Amari, just 6 at the time, lost his big brother. He lost his idol.

"He would have been really good," Amari said. "He was 6-5 and 210 pounds and wasn't done growing yet. The sky was the limit for him."

At the time, Amari served as the varsity team's ball boy then stayed connected to the program until it was his time on the court. He became a four-year starter and guided Trotwood-Madison to its first state title as a senior, the 2019 Ohio Division II championship.

His inspiration has never changed.

"He's one of the main reasons why I wanted to play basketball," Davis said in a recent phone interview. "Growing up I used to watch him at his practices. Then, when he died, I told myself I'd follow in his footsteps. From every game on I played for him. It's what he would want me to do. He gives me a boost for every game and every practice."

Lamar would be 28 now. His legacy lives on back in Ohio. Current players at Trotwood-Madison know all about Amari Davis, but longtime coach Rocky Rockhold makes sure they know about Lamar, too.

"When we break down at the end of practice, we say his brother's name," Rockhold said. "That tradition still continues. It still carries."

Next, Davis will carry those memories and motivation to Mizzou. Despite averaging 30.1 points per game during his all-state senior year, the 6-foot-3 guard didn't generate much interest among college programs around Ohio, much less high-major conference teams in the region.

"I don't say this in a negative way, but coaches have a check box," Rockhold said. "Is he big? Can he run fast? Does he jump out of the gym? Is he a knock-down shooter from 3-(point range)? Well, he doesn't check any of those boxes. But sometimes we forget the intangibles and the fact that he can just score. He just has an ability to score the ball."

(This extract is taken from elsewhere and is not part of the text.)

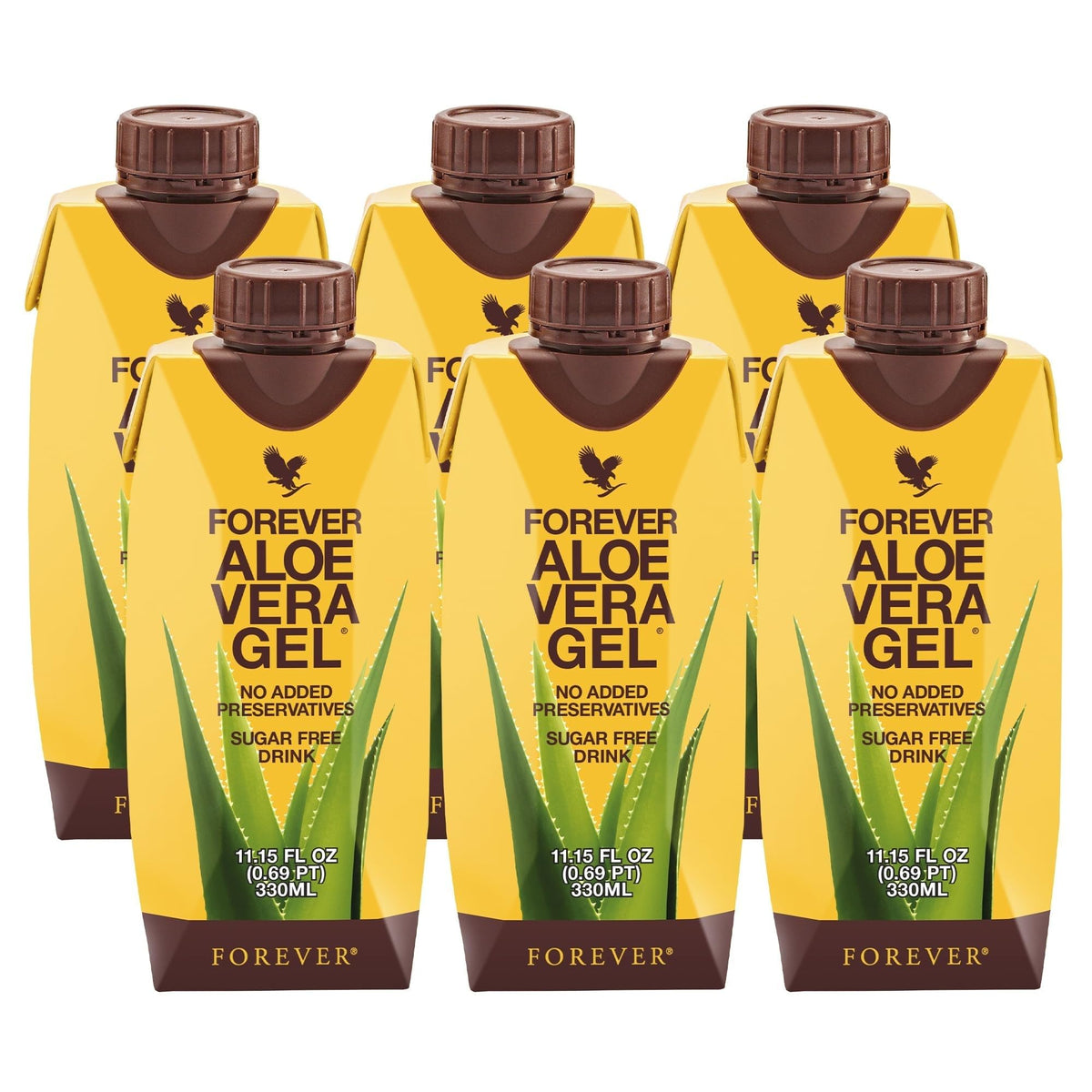 Forever Living gel aloe vista frontal mostrando etiqueta y botella, confianza de marca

Davis found a match at Green Bay, a Horizon League program coached by former Purdue player and student assistant Linc Darner. As a freshman, Davis was far from a polished scorer — he missed the only eight 3-pointers he attempted — but he averaged 15.9 points per game, earned Horizon League freshman of the year honors and set the team's freshman scoring record, breaking the 30-year-old mark set by current Virginia coach Tony Bennett. He led the Horizon and ranked 11th nationally in 2-point baskets. Davis' game defied modern analytics, eschewing 3-pointers for mid-range jump shots. As a freshman, 59.5% of his field goal attempts came on 2-point jumpers, per HoopMath.com.

"He's got a really good pull-up game," said Darner, who was fired after Davis' freshman season. "He's really good off the dribble. He's really good in the open floor. But the thing that I liked about him is the ball just went in the hoop a lot."

"His ability to create scoring opportunities and finish at the rim will help us from the jump," said Mizzou's Cuonzo Martin, who happened to be Darner's college teammate at Purdue.

As a sophomore, Davis averaged 17.2 points per game while expanding his range. He shot 28% on 3.3 3-point attempts per game. That's hardly sharpshooter standards, but it's part of his game his former coaches believe will develop at Mizzou, where he'll be one of at least eight newcomers on next season's team as Martin continues to shop the transfer market to rebuild his roster.

"It just comes down to having time in the gym, getting comfortable and really knowing if that's going to be his role or not," Rockhold said. "Do you want him to be a knock-down shooter from 3? Or do you just want him to be good enough so he can stretch the defense and then get to the rim? Once Coach Martin defines that for him and says, 'This is who I need you to be,' he'll do it."

Rockhold believes this because he watched Davis' dedicated approach for four years. By his count, Davis never missed a single offseason workout or practice at Trotwood-Madison. The game became an obsession, perhaps an endless chase to make good on the promise he made to himself years ago.

Lamar never got the chance to thrive in the sport. Little brother won't let those moments pass.

"We all have reasons for why we do the right things at the right times," Rockhold said. "I think (Lamar) is part of the reason for Amari. He just feels like his brother is watching."